BEGIN Supplied information
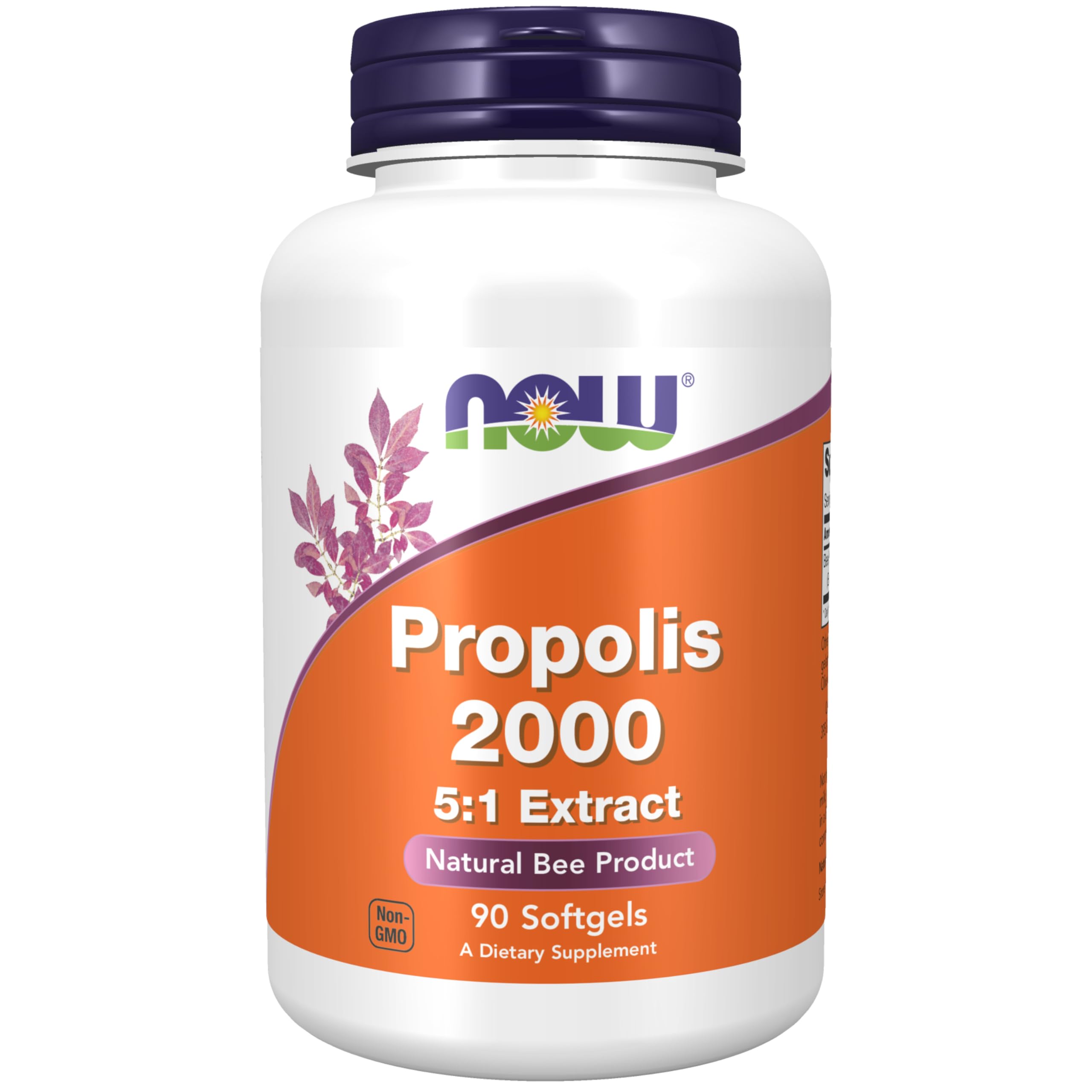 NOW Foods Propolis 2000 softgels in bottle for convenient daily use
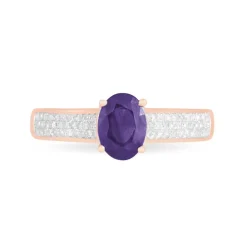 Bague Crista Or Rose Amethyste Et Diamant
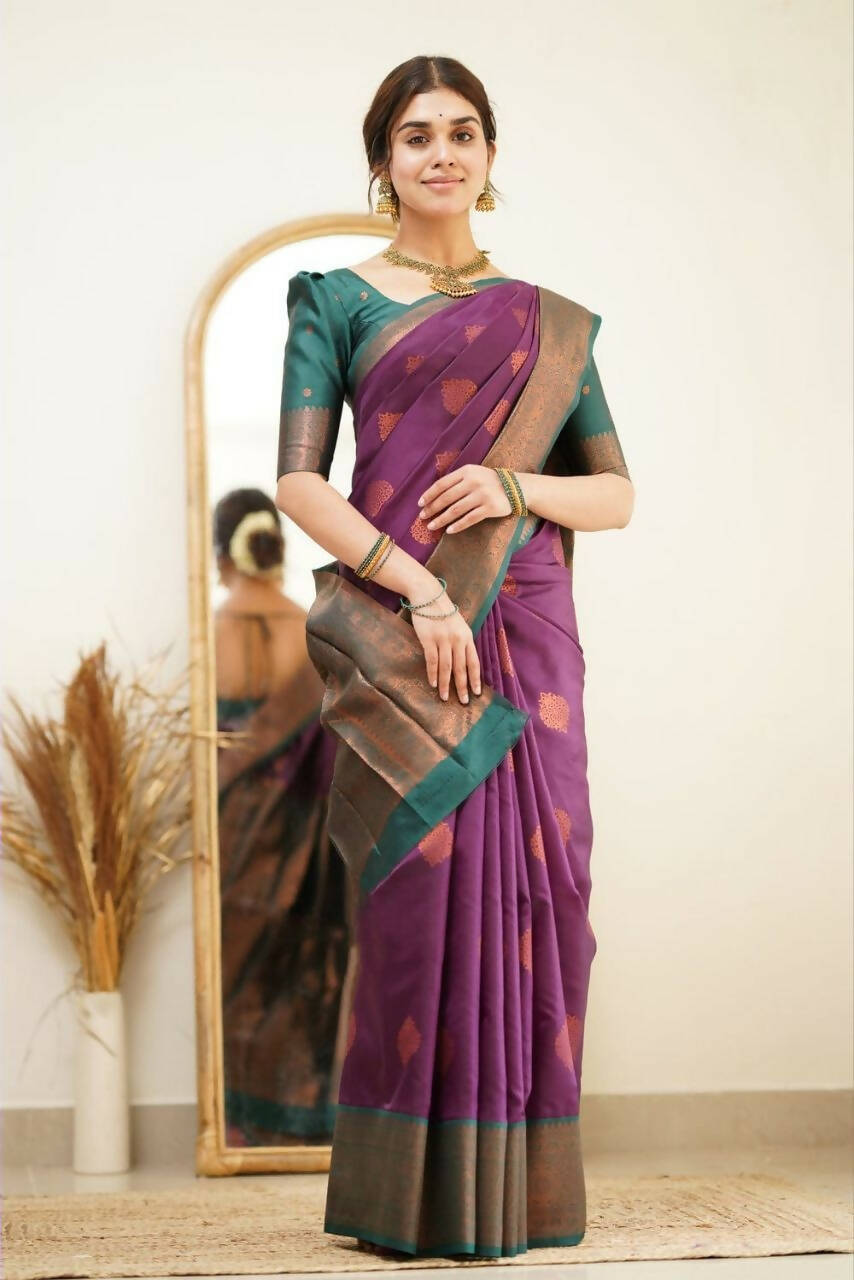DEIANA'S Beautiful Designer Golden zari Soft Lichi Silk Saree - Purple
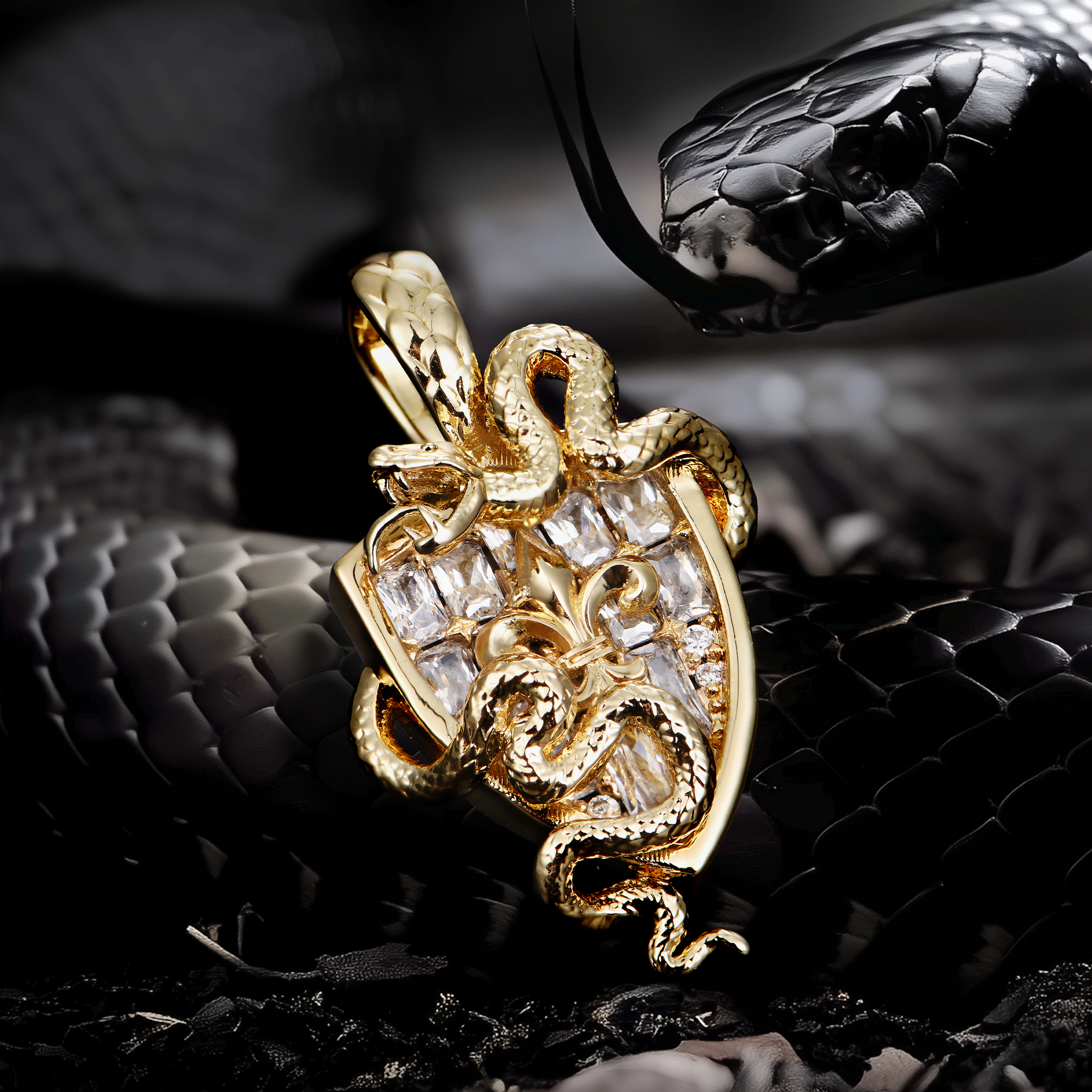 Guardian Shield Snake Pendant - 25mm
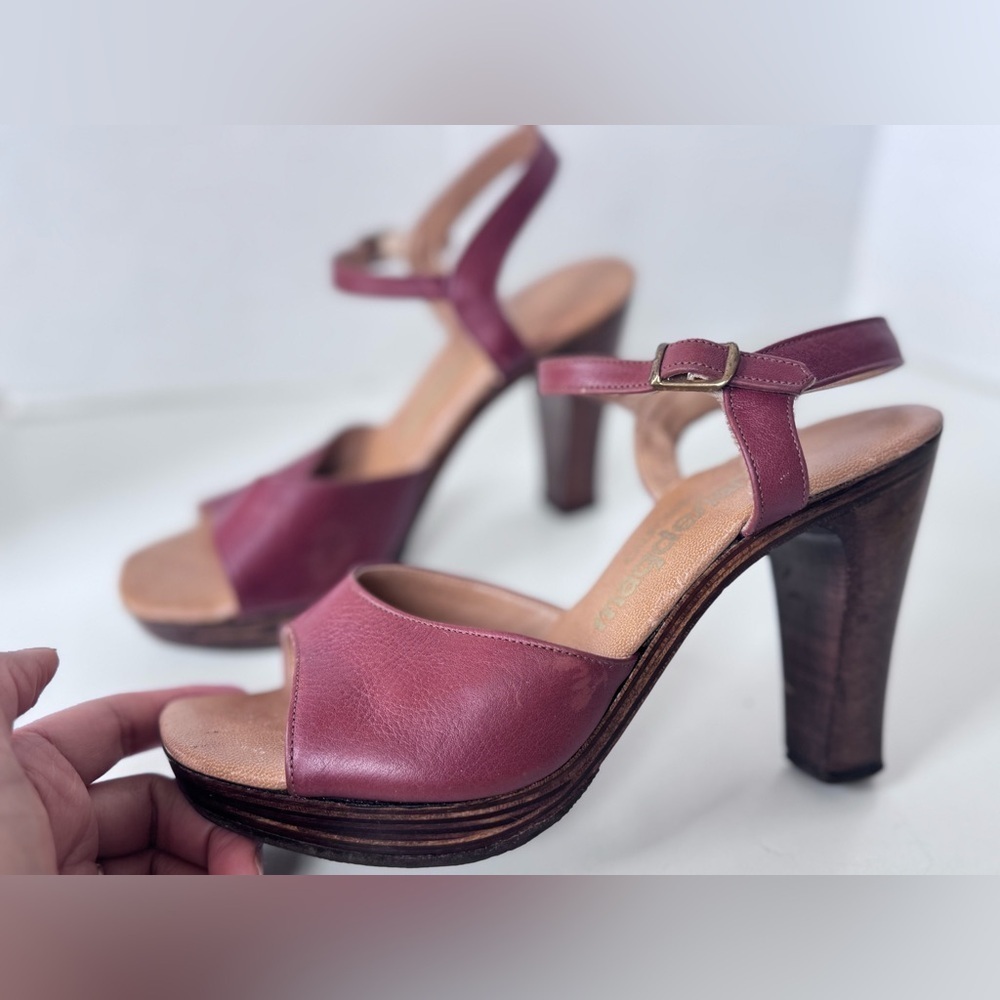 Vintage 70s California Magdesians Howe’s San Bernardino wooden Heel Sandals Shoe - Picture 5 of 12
END Supplied information
### Work task
Each line from the one bearing "Bague Crista Or Rose Amethyste Et Diamant" through the final line of the records is to be copied exactly, and no pictures are to be included.

### Output for this task
 Bague Crista Or Rose Amethyste Et Diamant
DEIANA'S Beautiful Designer Golden zari Soft Lichi Silk Saree - Purple
 Guardian Shield Snake Pendant - 25mm
 Vintage 70s California Magdesians Howe’s San Bernardino wooden Heel Sandals Shoe - Picture 5 of 12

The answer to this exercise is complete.